Directions for this task:
Pull every line holding the word "Used" out of the data and copy it.

[Source records]

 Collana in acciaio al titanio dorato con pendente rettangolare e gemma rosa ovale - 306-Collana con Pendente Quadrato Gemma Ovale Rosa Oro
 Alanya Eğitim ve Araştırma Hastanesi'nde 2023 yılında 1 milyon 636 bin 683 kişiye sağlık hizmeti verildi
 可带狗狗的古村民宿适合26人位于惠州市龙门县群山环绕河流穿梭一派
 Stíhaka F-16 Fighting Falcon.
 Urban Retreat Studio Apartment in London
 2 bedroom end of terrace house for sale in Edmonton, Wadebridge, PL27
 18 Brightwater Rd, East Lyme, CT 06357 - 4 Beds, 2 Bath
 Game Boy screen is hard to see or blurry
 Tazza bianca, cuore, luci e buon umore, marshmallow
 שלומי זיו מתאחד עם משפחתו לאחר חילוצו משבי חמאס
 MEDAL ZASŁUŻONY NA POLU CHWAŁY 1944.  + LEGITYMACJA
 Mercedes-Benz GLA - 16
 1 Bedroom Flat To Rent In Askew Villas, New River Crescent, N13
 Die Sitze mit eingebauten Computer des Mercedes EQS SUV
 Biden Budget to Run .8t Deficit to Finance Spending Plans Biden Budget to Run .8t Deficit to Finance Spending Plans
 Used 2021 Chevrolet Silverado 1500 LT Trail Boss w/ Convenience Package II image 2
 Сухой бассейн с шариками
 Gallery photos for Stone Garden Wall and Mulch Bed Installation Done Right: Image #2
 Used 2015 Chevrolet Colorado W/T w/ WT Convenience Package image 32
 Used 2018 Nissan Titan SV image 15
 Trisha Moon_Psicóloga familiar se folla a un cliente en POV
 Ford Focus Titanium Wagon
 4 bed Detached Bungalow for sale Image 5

Task solution:
 Used 2021 Chevrolet Silverado 1500 LT Trail Boss w/ Convenience Package II image 2
 Used 2015 Chevrolet Colorado W/T w/ WT Convenience Package image 32
 Used 2018 Nissan Titan SV image 15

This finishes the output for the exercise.